On Monday, Avenatti's two former clients who got that settlement filed a malpractice lawsuit against him, his former and current law firm, and Michael Eagan, former partner at Eagan Avenatti, now in San Francisco. They also sued Frank, Sims and Alex Conti, a former Eagan Avenatti lawyer now at Conti Law in Newport Beach. The two former clients alleged in a complaint filed in Santa Barbara County Superior Court that one of the two other law firms that helped obtain the $39 million settlement, Los Angeles-based Stoll, Nussbaum & Polakov, had sued them to collect its share of $15.3 million in attorney fees that Avenatti had refused to pay them.
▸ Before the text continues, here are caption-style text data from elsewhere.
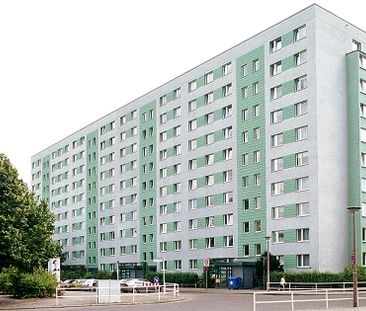 Gut geschnittene Wohnung mit Blick in den grünen Innenhof - Foto 1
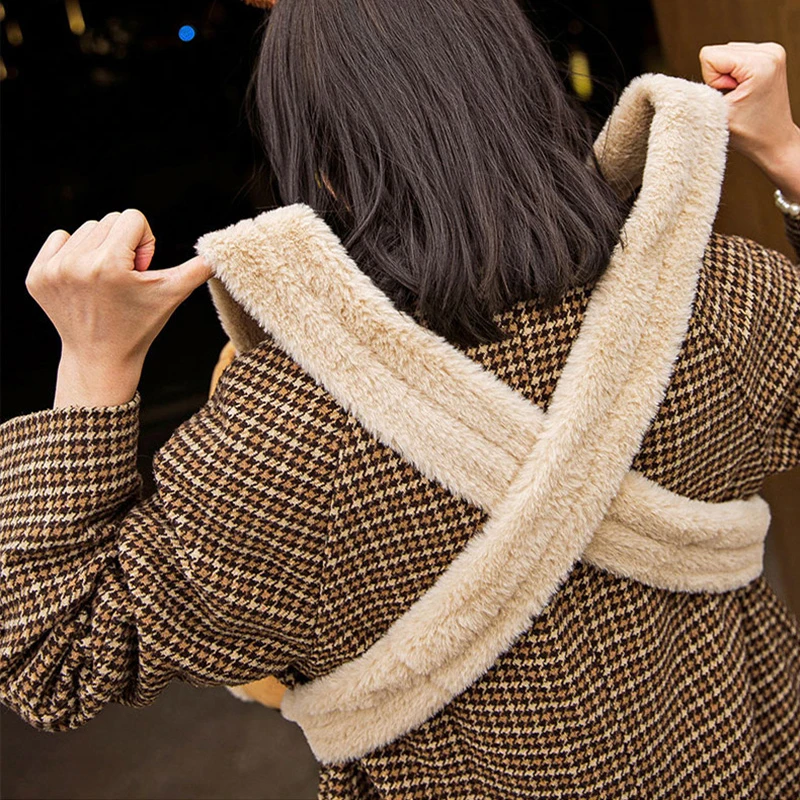 Bolsa de transporte para gatos cálida de invierno, mochila suave de felpa para mascotas, gatos, perros pequeños, bolsa de transporte para gatitos de Navidad, accesorios para gatos - imagen 4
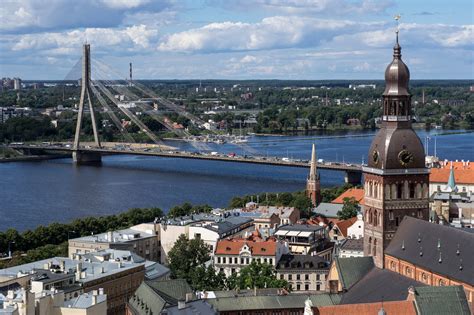 В Латвии директора школы оштрафовали за речь на русском во время выпускного
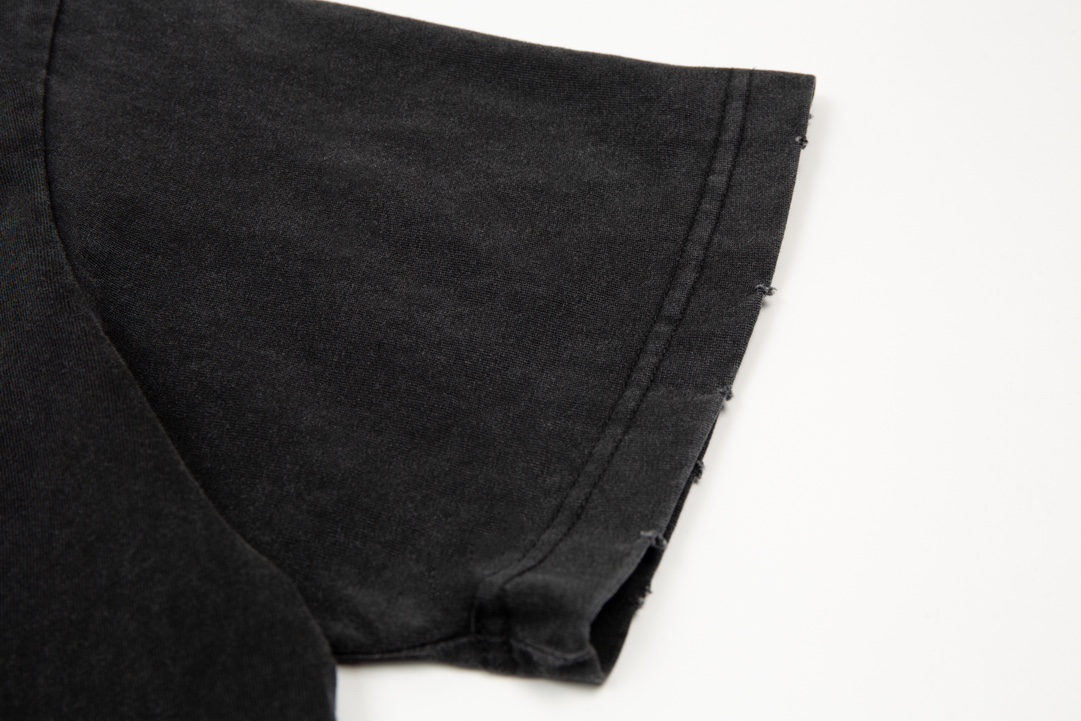 B design  2023 New Brand Design Dislocation Cotton Breathable Unisex Fashion T-shirt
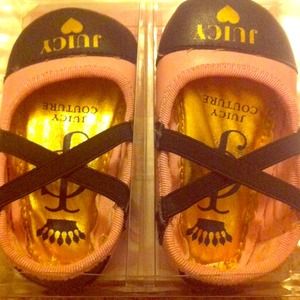 Juicy couture baby shoes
The complaint says Avenatti transferred the fees from a client trust account to a business operating account.

In the judgment action, Frank Sims sought to appoint a receiver, citing Avenatti’s failure to pay and “brazen acts of bankruptcy fraud,” such as failing to disclose contingency payments coming in from lawsuits. Avenatti stipulated to appointing Weiss as receiver on Feb. 13.

Among his firm’s largest assets, according to the receiver motion, were more than $10 million in attorney fees and costs anticipated to come from the class action against Kimberly-Clark.

In that case, U.S. District Judge Dolly Gee reduced the award to $25 million. Kimberly-Clark and another defendant, Halyard Health Inc., have appealed the judgment, and Avenatti, on behalf of the class, appealed the judge’s decision to reduce about $450 million in punitive damages to $20 million.

In an amicus brief, the U.S. Chamber of Commerce, the American Tort Reform Association and the National Association of Manufacturers challenged the punitive damages.

In his motion to replace Avenatti in the class action, Weiss wrote that the partners at Frank Sims worked on the case while at Eagan Avenatti and that Frank, as a creditor, “has the same economic incentive to maximize the value of the case on behalf of the class.”

Hearon and Ibrahim, in their motion, noted that they both had “significant roles” in the trial and were “intimately involved” in the appeal.

“There is thus no need for the court to make a wholesale change in the team of lawyers handling what remains of the appellate process,” they wrote.

Hearon and Ibrahim also filed notices of appearances on Monday before the U.S. Court of Appeals for the Ninth Circuit, alongside the plaintiffs' appellate counsel, Stuart Esner, of Esner Chang and Boyer in Pasadena, California. The Ninth Circuit has yet to schedule oral arguments in the case, which is fully briefed.

Hearon and Ibrahim, who left Eagan Avenatti last month to start his own firm, had the support of the class representative, Bahamas Surgery Center, and Avenatti, both of whom filed declarations.

“Out of an abundance of caution and to ensure that my fiduciary duties are met, I believe it is in the best interests of the class to relinquish my role as lead class counsel at this time,” Avenatti wrote in a declaration.

A hearing on Avenatti’s replacement is set for May 3.